Quite possibly, comparison pages are the most visible outcome of your competitor analysis.

They help you take the information you collect about what your competitors are doing and turn it into actual results (aka boosting conversions).

Today, we will look at 13 examples of comparison pages and talk about how to build one that drives traffic and converts visitors.

These examples all do something exceptional and approach key features a little differently, but they all have outstanding final results. 

Ready to get inspired and gain some insights for building your own comparison pages? Let’s get started.

What are comparison pages?

Comparison pages are landing pages designed to present a side-by-side evaluation of products, services, or features.
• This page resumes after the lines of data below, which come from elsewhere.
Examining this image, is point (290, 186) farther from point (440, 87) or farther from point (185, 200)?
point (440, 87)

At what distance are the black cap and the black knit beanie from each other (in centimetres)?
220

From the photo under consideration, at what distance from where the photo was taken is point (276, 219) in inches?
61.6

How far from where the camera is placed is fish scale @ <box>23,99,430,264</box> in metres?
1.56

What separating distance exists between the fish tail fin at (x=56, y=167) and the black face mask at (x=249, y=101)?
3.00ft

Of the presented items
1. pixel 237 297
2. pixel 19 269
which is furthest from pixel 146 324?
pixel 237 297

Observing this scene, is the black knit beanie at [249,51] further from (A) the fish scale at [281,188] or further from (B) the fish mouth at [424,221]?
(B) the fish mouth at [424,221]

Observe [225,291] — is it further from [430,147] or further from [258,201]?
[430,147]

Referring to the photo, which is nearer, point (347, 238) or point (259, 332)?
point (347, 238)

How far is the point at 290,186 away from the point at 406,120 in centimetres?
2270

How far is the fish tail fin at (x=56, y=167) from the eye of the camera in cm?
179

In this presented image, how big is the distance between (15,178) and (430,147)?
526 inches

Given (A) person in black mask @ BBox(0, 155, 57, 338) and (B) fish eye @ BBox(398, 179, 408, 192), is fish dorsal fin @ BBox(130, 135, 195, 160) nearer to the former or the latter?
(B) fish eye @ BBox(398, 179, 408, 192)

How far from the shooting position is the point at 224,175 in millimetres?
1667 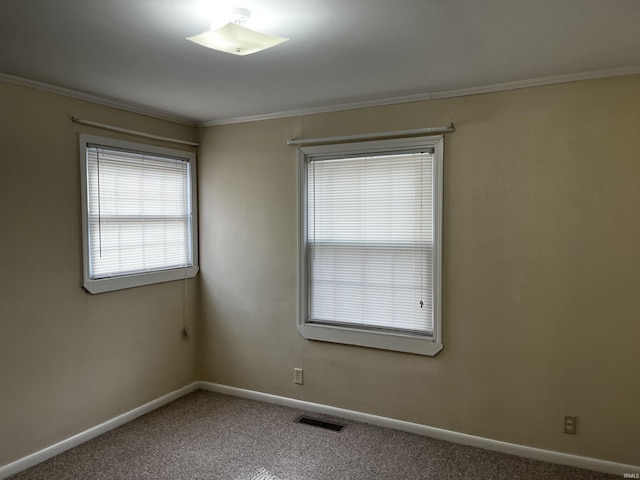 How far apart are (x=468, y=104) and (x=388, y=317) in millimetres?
1623

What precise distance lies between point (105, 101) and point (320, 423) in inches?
114

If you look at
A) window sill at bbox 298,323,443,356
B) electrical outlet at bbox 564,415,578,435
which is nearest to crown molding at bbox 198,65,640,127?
window sill at bbox 298,323,443,356

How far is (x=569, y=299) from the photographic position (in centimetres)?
285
These pages aim to help users understand the differences and similarities between two or more options, making informed decisions easier.

You would typically use comparison pages to highlight how your product or service stacks up against competitors in the market.

13 Great Comparison Page Examples

The majority of competitor pages use some version of the ‘us vs. them’ framework, comparing two companies (there are exceptions; more on this later). And usually, examples articles, like the one you’re reading now, analyze one of the parties—why not both?

So, for this article, I’ve taken an unusual approach and analyzed how competitors mutually describe and differentiate from each other.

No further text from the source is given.